Quando Bellini chiese pietà

13 Gennaio 2011

Il consulente scrisse a una vittima: «Ti ridarò i soldi»

PESCARA. «Caro Tonino, colgo l'occasione per garantirti ancora una volta il mio impegno a soddisfare quanto da me promesso (...). Lavorando posso guadagnare, chiedere prestiti e quindi mi sarà permesso di restituirti quanto a te dovuto».

E' l'incipit della lettera che Giacomo Bellini, il falso commercialista di 44 anni, inviò il 30 agosto 2004 al suo cliente, al signor Antonio Di Sante, l'imprenditore truffato per 357 mila euro dal consulente fiscale. Sette anni fa, Bellini, in una lettera di 40 righe, concluse: «Spero nella tua ultima pietà». Erano quelli gli anni in cui, l'imprenditore che aveva un'attività a Città Sant'Angelo, in seguito trasferita a Elice, aveva appena scoperto, grazie alla meticolosa ricostruzione del suo nuovo commercialista, Sergio Spinelli, di aver un gigantesco buco di oltre 300 mila euro. Tasse, imposte, Iva, Irap, Inail, Inps, i contributi per i suoi dipendenti pagati, a partire dal 1995, tramite assegni al finto commercialista, ma mai versati da Bellini.

Un sistema andato avanti fino al 2004, quando Di Sante inizia a ricevere le cartelle esattoriali e gli avvisi di pagamento e, casualmente, in seguito al suggerimento di un amico, si rivolge a un altro commercialista, appunto Spinelli. Quello è l'anno in cui inizia il calvario per Di Sante che, oggi, si ritrova con due case pignorate. Il nuovo commercialista Spinelli va all'agenzia delle entrate, esegue accertamenti in vari enti, ricostruisce l'iter della truffa e sostiene Di Sante nella denuncia che costerà una condanna al falso commercialista per appropriazione indebita.

«Sono cartelle pazze»: così Bellini aveva cercato inizialmente di rassicurare il titolare di un'azienda artigiana che iniziava a ricevere le cartelle esattoriali.

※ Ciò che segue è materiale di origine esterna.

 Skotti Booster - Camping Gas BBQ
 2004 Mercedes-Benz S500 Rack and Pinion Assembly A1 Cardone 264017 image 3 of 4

Un rapporto di fiducia che, però, iniziava a incrinarsi e alle continue richieste di Di Sante sul destino di quei pagamenti, Bellini rispose anche producendo tanti F24 falsi, di vari importi e, secondo il commercialista Spinelli, con timbri falsi. Un imbroglio venuto a galla in quella lettera-ammissione che Bellini, disperato e accennando anche al suicidio, decide di scrivere per chiedere scusa: «Mi sto organizzando per trovare il denaro, ma questo richiede tempo. Tempo che solo tu puoi concedermi (...). Tu sei buono, diamo insieme un calcio a questa maledetta situazione». Oggi, Di Sante, a causa di quell'imbroglio, è in gravi difficoltà economiche perché deve ancora versare 220 mila euro tra imposte erariali, tributi locali e contributi previdenziali.